L’étude des oeuvres philosophiques et des logiques argumentatives philosophiques permet d’acquérir une connaissance plus claire des positions qui s’affrontent sur des questions et des justifications utilisées. Si l’on prend par exemple le cas d’une pratique comme le référendum comme moyen de trancher une question juridique, elle présuppose que la politique ne peut être l’objet d’un savoir scientifique qui pourrait établir le vrai sur une question d’ordre juridique. A l’inverse, le référendum consiste à admettre que toutes les opinions des individus majeurs, disposant de leurs droits civiques, se valent et que l’addition du plus grand nombre de ces voix (la majorité) constitue la méthode la plus légitime que nous ayons pour trancher ce type de questions.
Néanmoins, si l’étude de la philosophie permet de faire apparaître les présupposés philosophiques d’une position ou même si elle peut nous indiquer différentes positions possibles sur un sujet, peut-elle nous aider à trancher les controverses ?
Elle ne le peut que dans la mesure ou, d’une part, elle indique l’incohérence interne d’une position adoptée ou, d’autre part, dans la mesure où elle met en valeur des conséquences pratiques d’une position qui ne seraient pas assumables par celui qui tient cette position. C’est généralement dans l’un ou l’autre de ces cas qu’un philosophe peut être amené à changer sa position philosophique sur un point ou un autre.
En dehors de ces deux cas, lorsqu’il s’agit de deux positions qui, par leur cohérence interne, semblent équivalentes, c’est la foi en l’une ou l’autre des positions, et non sa rationalité qui amène à la soutenir. Mais, cette foi doit avoir conscience de ses limites, c’est-à-dire de n’être qu’une opinion relative. Néanmoins, cette foi est nécessaire pour la mise en pratique de l’une ou l’autre position. En définitive, face à deux positions vraisemblables, seule l’expérimentation pratique permet de trancher la valeur de l’une ou de l’autre.
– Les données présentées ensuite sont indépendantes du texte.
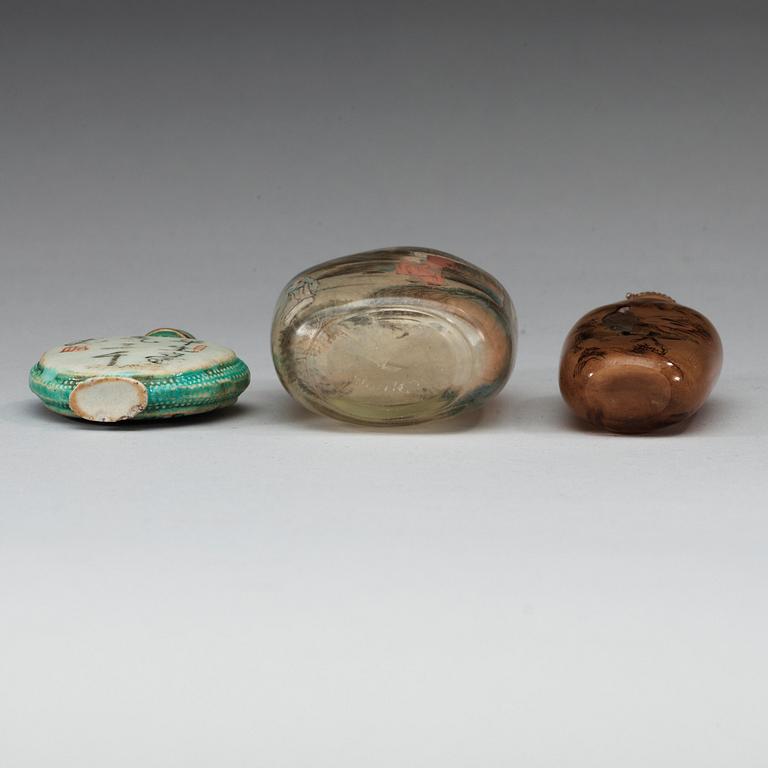 A set of three Chinese snuff bottles with stoppers.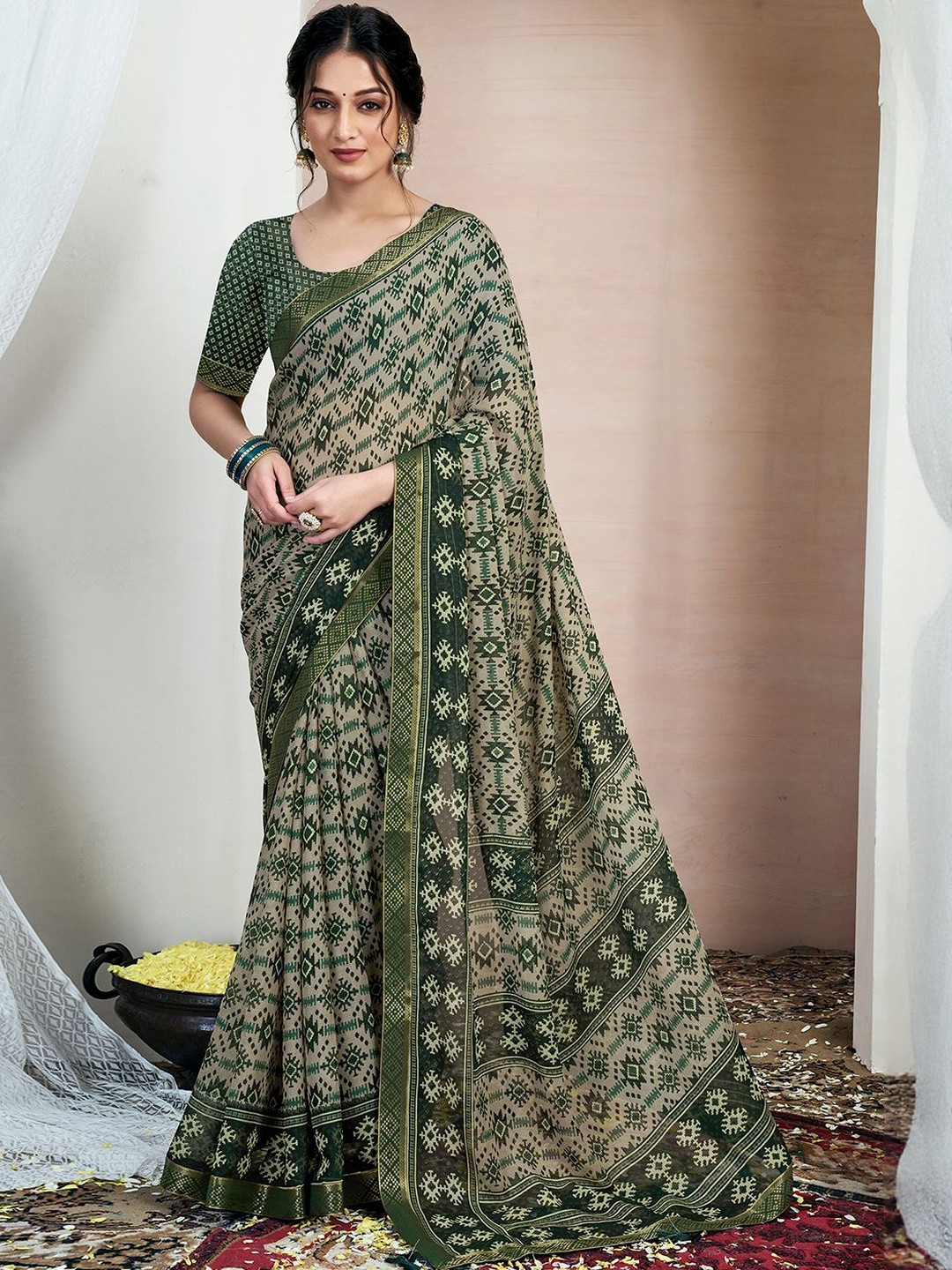 HERE&NOW Ethnic Motifs Poly Chiffon Saree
Donc l’intérêt de la philosophie est double: explicitation des positions et cohérence de la pensée avec elle-même. Mais la philosophie peut se transformer en un vain jeu si elle ne consiste qu’en la confrontation de points de vue vraisemblables qui ne donnent lieu à aucune expérimentation pratique. C’est donc à partir des questions pratiques que doivent se poser les questions les plus théoriques. Dans son usage le plus commun, l’étude des positions philosophiques apparaît principalement comme explicitation des présupposés des prises de positions pratiques.